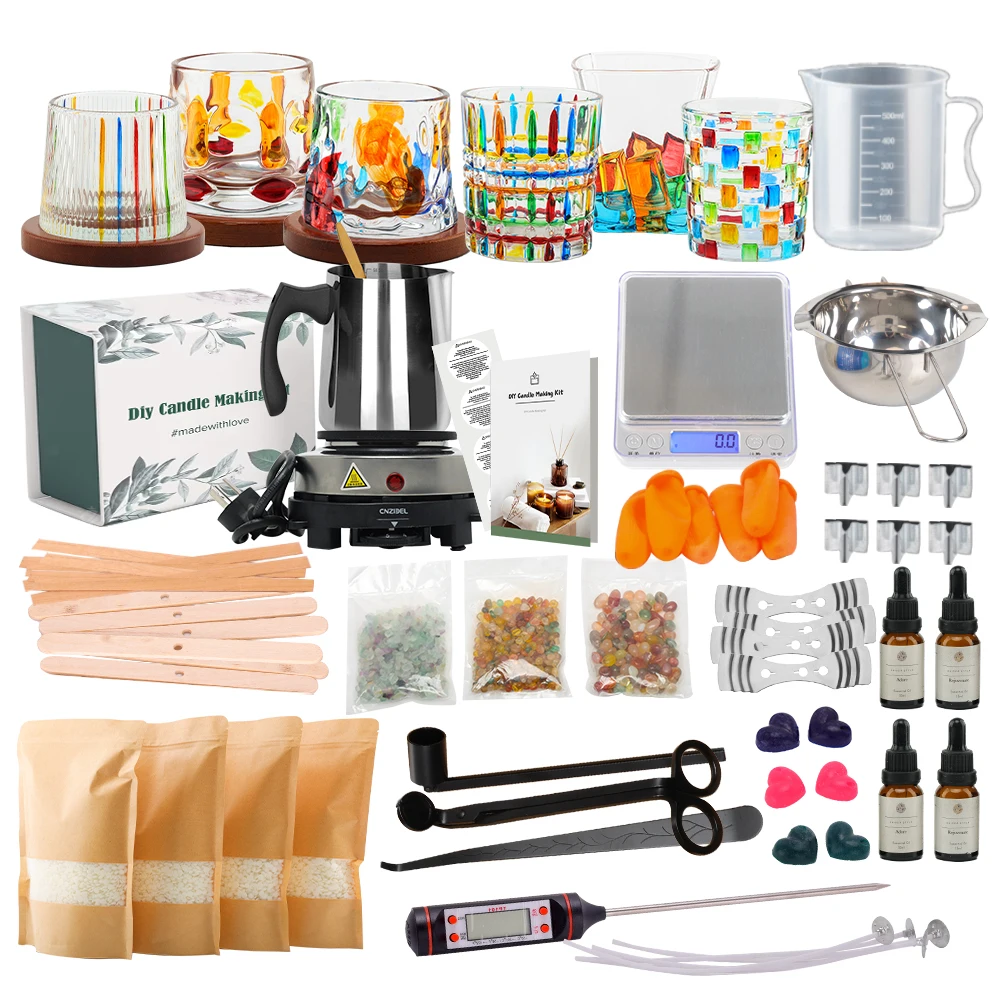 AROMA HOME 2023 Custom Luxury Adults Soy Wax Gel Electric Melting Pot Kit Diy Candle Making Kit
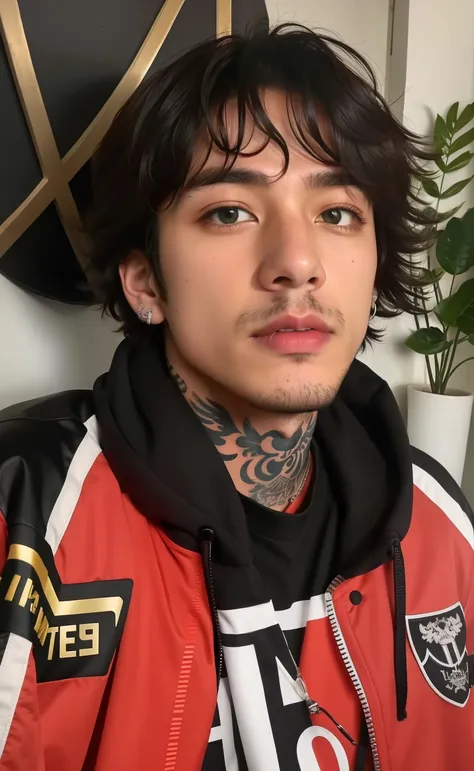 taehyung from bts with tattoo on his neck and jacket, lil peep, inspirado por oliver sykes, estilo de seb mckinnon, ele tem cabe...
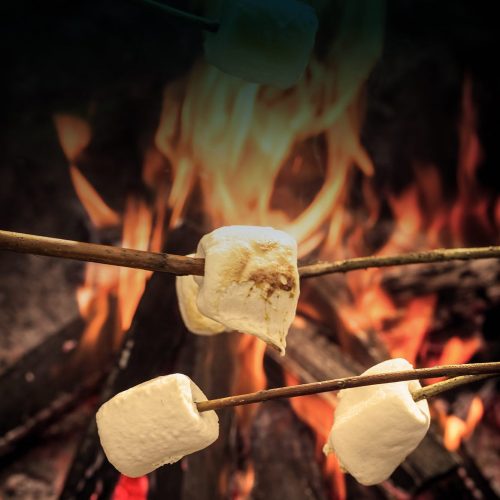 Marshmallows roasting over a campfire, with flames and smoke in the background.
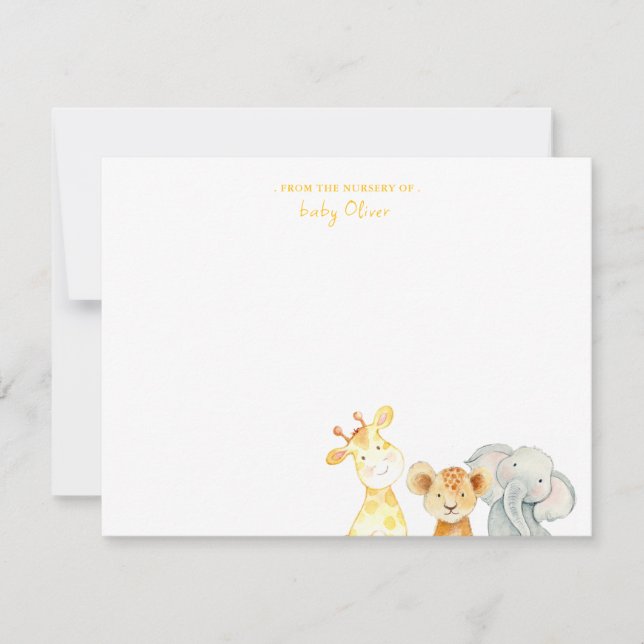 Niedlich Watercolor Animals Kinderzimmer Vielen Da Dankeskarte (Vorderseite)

Assignment:
Each line above should be written out again exactly, without any image.

Output of the exercise:
 AROMA HOME 2023 Custom Luxury Adults Soy Wax Gel Electric Melting Pot Kit Diy Candle Making Kit
 taehyung from bts with tattoo on his neck and jacket, lil peep, inspirado por oliver sykes, estilo de seb mckinnon, ele tem cabe...
 Marshmallows roasting over a campfire, with flames and smoke in the background.
 Niedlich Watercolor Animals Kinderzimmer Vielen Da Dankeskarte (Vorderseite)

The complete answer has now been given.